§ Stored data entries
____________

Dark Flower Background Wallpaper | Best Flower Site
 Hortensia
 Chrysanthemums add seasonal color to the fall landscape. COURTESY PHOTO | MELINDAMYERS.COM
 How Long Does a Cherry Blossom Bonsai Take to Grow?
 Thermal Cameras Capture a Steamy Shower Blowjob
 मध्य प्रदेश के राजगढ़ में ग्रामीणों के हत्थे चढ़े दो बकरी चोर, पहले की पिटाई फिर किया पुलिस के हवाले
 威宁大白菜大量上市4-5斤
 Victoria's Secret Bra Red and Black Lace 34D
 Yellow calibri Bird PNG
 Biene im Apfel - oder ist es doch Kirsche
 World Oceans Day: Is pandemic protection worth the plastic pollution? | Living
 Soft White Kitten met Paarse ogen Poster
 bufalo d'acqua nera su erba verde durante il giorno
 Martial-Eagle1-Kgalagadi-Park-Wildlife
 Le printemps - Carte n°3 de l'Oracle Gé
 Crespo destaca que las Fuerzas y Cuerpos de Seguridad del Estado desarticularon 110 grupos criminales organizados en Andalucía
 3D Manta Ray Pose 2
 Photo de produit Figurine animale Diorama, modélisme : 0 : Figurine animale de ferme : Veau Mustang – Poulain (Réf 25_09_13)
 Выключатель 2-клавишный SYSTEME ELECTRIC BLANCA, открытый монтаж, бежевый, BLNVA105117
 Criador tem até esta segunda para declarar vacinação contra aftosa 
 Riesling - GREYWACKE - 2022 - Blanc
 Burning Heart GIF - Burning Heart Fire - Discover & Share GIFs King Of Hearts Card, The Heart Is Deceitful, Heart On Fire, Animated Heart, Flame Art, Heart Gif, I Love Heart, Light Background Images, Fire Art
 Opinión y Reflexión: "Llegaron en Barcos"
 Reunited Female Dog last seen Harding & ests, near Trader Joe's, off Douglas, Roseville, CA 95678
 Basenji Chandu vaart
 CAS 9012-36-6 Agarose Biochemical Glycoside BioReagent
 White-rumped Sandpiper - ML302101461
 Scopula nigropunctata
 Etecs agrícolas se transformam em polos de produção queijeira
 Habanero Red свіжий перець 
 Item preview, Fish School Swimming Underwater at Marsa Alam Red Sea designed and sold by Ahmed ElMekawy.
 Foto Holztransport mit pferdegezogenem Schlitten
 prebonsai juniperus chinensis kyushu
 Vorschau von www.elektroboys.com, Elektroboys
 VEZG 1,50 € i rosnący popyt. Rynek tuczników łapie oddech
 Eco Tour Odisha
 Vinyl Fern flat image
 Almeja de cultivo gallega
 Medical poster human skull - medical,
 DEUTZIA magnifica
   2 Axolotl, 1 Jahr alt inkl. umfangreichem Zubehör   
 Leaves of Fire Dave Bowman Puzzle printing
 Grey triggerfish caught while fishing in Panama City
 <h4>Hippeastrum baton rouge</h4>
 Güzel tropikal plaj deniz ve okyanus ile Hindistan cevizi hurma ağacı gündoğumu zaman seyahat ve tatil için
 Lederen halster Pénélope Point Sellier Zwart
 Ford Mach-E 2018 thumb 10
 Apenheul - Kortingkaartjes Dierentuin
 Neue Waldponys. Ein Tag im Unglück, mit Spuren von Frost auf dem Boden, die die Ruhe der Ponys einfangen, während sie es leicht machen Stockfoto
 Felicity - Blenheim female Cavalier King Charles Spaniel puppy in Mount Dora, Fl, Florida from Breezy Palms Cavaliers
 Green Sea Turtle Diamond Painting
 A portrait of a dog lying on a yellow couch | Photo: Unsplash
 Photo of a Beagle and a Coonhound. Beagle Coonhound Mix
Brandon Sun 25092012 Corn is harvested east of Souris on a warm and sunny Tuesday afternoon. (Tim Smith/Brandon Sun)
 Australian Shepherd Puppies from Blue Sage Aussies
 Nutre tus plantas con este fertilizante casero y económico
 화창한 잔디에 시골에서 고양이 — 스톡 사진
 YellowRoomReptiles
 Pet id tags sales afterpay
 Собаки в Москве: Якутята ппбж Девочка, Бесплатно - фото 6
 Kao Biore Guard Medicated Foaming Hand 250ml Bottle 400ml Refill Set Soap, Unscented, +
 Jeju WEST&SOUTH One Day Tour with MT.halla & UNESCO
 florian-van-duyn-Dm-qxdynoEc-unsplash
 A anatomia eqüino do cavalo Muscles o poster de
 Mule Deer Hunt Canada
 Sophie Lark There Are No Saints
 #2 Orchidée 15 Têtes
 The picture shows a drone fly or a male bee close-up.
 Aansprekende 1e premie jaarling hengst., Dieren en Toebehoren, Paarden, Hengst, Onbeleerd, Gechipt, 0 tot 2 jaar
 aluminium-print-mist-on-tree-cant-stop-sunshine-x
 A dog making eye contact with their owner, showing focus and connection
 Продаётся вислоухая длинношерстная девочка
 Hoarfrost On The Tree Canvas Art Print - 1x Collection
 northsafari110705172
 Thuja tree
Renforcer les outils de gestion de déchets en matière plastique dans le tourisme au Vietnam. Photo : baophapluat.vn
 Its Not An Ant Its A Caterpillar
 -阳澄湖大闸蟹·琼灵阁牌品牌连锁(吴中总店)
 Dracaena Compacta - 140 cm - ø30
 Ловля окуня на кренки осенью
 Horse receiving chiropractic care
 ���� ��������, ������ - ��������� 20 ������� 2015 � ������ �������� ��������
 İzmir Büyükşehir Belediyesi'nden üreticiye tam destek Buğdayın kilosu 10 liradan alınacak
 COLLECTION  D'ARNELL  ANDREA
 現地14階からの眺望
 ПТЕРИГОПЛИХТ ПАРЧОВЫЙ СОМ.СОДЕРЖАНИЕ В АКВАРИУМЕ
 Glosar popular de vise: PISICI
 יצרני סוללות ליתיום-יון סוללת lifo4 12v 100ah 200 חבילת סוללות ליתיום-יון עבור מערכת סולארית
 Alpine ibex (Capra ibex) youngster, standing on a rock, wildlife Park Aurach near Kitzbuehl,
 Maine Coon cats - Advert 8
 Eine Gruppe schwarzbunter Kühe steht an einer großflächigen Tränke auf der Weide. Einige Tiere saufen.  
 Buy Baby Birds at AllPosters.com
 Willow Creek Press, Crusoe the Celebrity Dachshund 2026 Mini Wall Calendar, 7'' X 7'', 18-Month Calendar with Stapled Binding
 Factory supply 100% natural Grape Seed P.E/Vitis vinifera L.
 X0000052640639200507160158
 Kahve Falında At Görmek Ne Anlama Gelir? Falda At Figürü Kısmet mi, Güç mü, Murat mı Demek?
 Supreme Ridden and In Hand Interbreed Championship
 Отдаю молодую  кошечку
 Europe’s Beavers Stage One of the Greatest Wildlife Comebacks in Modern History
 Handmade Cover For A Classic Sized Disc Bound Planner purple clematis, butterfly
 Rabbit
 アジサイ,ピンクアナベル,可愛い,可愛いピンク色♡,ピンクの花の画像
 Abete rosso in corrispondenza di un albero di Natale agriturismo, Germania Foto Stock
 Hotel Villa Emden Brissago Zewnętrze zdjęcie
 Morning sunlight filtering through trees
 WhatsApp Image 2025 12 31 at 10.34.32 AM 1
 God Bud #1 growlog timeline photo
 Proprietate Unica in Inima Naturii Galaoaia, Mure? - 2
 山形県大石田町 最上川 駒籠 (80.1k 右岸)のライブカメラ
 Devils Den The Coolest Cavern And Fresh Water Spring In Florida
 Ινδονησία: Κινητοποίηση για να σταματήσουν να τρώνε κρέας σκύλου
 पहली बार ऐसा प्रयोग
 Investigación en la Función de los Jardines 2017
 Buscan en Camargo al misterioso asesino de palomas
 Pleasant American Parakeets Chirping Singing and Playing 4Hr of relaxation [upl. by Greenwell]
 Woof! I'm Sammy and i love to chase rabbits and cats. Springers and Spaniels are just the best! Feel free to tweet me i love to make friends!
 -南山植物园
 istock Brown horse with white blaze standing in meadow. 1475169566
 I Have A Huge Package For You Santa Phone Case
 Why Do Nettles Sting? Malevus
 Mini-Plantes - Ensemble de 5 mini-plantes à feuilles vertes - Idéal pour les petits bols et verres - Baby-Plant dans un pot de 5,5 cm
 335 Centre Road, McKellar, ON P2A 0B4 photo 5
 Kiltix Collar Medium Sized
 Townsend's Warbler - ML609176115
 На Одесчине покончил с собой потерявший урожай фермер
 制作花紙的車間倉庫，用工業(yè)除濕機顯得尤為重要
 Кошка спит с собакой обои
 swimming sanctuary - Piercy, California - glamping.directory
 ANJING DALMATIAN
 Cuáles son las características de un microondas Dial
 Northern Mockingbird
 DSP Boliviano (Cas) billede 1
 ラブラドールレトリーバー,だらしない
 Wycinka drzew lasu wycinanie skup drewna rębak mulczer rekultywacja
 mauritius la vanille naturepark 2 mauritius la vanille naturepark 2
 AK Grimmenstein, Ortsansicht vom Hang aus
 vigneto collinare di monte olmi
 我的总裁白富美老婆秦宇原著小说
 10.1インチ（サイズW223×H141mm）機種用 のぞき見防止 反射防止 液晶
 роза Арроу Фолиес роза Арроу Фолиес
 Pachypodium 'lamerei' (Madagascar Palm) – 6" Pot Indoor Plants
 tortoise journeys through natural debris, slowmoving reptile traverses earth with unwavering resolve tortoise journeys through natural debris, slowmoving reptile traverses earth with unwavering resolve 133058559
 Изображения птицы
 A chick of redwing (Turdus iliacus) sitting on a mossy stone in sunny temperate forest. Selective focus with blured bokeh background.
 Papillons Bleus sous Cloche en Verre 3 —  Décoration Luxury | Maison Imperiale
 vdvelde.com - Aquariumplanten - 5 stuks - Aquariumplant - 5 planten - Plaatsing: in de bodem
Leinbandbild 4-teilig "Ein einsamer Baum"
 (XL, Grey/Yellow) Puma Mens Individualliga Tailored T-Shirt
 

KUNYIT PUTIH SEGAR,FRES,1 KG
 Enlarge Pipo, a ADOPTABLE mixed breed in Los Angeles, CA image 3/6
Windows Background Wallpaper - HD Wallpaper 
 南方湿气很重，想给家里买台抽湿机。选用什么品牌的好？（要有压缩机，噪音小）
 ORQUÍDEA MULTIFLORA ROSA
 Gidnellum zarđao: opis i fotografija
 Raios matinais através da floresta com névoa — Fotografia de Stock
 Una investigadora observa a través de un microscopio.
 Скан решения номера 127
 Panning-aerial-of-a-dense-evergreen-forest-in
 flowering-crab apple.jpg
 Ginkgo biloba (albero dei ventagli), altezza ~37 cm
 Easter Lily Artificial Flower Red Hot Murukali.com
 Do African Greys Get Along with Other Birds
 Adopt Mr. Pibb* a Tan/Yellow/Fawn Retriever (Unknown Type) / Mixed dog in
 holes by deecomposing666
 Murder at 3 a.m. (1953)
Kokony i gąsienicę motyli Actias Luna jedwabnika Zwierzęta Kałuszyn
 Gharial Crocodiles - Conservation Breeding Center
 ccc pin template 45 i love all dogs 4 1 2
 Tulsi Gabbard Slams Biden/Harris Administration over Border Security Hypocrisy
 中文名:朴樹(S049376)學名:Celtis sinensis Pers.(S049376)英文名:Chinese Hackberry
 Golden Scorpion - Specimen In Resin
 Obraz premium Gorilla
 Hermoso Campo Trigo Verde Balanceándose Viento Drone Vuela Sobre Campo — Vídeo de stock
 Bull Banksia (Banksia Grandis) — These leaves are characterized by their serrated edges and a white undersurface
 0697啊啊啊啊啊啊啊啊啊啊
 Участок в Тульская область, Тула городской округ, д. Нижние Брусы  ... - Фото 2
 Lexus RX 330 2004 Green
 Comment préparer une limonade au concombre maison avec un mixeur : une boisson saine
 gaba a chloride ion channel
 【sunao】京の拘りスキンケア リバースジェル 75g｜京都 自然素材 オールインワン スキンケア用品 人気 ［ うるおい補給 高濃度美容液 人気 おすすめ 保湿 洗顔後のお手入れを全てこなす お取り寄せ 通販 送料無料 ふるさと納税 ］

____________

§ EXERCISE DETAILS
Examine each line of the records above and tally those with the string "Fire". State the total alone.

§ RESPONSE TO THE TASK
2